THE PROBLEM
In the data that follows, find the line with "Montagut Pulls-Pull col"; transcribe it, every later line up to the one with "CHRISTIAN DIOR Черные", and that line as well, exactly and with no others.
(EXERCISE DATA begins)
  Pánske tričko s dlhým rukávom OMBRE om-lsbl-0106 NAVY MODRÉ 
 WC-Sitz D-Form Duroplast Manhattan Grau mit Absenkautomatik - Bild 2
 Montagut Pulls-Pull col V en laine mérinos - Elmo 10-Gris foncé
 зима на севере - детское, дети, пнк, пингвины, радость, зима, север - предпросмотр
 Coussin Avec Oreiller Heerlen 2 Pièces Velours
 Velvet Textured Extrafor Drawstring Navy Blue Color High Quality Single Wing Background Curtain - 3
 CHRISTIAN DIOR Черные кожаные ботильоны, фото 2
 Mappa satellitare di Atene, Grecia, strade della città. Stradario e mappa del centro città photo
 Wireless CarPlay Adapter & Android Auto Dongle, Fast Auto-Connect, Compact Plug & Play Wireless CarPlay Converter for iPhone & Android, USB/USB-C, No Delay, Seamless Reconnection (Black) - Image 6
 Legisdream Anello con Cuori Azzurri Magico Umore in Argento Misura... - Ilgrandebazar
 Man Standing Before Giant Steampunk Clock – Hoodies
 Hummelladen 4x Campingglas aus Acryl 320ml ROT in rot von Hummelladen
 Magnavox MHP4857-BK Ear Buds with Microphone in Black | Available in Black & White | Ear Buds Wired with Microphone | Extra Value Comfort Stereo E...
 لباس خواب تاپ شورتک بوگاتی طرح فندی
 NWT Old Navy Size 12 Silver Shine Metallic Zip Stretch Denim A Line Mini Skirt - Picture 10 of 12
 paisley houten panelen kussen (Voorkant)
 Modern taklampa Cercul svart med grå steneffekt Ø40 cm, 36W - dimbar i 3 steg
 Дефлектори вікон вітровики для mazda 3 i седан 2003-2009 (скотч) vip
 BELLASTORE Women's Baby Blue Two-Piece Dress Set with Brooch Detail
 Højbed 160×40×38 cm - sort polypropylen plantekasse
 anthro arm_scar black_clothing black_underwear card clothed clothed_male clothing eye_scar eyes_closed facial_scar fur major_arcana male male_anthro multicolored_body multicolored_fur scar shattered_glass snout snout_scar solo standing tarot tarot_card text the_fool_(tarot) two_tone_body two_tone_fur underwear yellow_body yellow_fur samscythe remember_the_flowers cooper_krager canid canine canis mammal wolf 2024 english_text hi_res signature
(EXERCISE DATA ends)
EXPECTED ANSWER
 Montagut Pulls-Pull col V en laine mérinos - Elmo 10-Gris foncé
 зима на севере - детское, дети, пнк, пингвины, радость, зима, север - предпросмотр
 Coussin Avec Oreiller Heerlen 2 Pièces Velours
 Velvet Textured Extrafor Drawstring Navy Blue Color High Quality Single Wing Background Curtain - 3
 CHRISTIAN DIOR Черные кожаные ботильоны, фото 2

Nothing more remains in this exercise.